I was googling around trying to remind myself which philosopher had a similar story told about him. I thought it was Nietzsche, but it was apparently Hobbes, if Etzioni had it correct (viz). Hobbes famously denied the possibility of altruism, and when caught giving alms to a beggar, claimed he was doing it for his own benefit, because it hurt him to see a man so hungry.
Hobbes’ refutation is semantics: he has effectively defined altruism to mean an act by which the giver receives no benefit at all — not even the warm fuzzies of thinking oneself a better person. But that definition pretty much eliminates the possibility. If altruism is an intentional act (e.g., one can’t be altruistic accidentally), then there must be some sense, however abstract, in which one wants it, thus providing some utility to oneself.

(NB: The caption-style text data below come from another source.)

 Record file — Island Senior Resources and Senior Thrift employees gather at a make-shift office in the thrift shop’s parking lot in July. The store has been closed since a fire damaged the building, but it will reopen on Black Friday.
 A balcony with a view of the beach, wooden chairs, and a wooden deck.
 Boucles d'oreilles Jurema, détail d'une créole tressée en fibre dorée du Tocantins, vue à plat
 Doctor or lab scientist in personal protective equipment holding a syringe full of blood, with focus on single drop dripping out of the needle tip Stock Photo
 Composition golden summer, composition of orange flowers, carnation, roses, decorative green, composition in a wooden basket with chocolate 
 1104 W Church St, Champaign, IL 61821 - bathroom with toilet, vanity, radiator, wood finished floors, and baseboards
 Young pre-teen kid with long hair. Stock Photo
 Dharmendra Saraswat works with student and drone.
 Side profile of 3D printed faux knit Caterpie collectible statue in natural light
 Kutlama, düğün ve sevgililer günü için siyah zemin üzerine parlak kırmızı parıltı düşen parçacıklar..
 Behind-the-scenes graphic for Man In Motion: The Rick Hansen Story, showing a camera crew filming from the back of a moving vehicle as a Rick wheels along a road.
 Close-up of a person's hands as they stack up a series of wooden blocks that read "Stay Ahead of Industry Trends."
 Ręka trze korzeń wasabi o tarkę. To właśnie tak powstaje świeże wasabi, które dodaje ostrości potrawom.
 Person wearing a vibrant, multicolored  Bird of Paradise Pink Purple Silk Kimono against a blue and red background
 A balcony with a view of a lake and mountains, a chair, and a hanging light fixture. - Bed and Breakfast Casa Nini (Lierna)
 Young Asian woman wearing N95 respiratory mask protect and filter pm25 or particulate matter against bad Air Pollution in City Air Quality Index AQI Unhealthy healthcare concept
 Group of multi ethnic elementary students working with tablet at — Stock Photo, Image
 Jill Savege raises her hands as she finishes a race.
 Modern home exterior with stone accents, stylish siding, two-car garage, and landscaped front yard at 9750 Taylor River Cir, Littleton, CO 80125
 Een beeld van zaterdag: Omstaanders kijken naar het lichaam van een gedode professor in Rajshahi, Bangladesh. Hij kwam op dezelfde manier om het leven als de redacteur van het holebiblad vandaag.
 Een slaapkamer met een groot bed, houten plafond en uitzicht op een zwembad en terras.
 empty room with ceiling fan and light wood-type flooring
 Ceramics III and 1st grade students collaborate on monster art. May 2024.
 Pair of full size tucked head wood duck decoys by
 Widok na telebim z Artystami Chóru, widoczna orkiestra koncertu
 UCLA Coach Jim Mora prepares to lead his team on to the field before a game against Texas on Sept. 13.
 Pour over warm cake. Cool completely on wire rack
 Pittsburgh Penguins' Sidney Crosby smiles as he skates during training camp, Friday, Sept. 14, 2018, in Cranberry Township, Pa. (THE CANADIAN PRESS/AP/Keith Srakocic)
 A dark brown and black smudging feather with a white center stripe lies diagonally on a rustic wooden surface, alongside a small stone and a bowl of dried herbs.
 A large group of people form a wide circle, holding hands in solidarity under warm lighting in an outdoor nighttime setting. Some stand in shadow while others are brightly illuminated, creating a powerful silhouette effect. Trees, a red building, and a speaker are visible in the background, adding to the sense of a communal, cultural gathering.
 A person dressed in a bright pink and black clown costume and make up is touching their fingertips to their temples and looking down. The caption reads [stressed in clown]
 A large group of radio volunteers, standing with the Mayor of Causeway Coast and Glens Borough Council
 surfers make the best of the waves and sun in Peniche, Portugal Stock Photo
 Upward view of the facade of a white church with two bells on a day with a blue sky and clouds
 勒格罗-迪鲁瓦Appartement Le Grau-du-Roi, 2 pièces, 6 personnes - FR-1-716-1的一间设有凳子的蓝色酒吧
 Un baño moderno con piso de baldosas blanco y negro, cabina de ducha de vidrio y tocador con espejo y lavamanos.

A more useful definition has evolved for altruism is an act that benefits and has a cost to the giver. As long as the giver and receiver are related in some way, that’s pretty easy, since kin selection (and, perhaps, group selection) theories tell us that a sacrifice for someone that carries genes very similar to one’s own can still be self-centered from an evolutionary point of view (or is a member of one’s own cultural group, in group selection).
It gets tougher when giver and receiver are strictly unrelated, but even then there is still evidence, and some theory about how it came about.
When I donate blood (and I do to the extent of twelve gallons over the past three decades), my act comes at a cost to me — small, of course, unless something goes wrong. The benefit accrues in way I have no control over — the recipient could be someone I despise and would prefer to see dead, and I will never know. Since almost no one of my acquaintance knows when I give blood, this can’t be said to be enhancing my reproductive chances, so why would I do such a thing?
The current theory is that it is a cultural expansion of evolved tendencies. As a species we acquired kin selection altruism when we were a the social level of our ape relatives. Once cultural continuity help with our survival (e.g., when the number of tools and techniques our clan depended on surpassed what one family could pass on to its children), then the need for survival of non-kin pushed altruism (and related cognates such as patriotism) beyond kin circles, for to tribes, then to entire societies. Since those latter concepts are fairly flexible, it doesn’t take too much for a cosmopolitan to extend altruism to strangers.
But, yes, Hobbes was right. We do it, in the end, because it makes us feel good to help other people.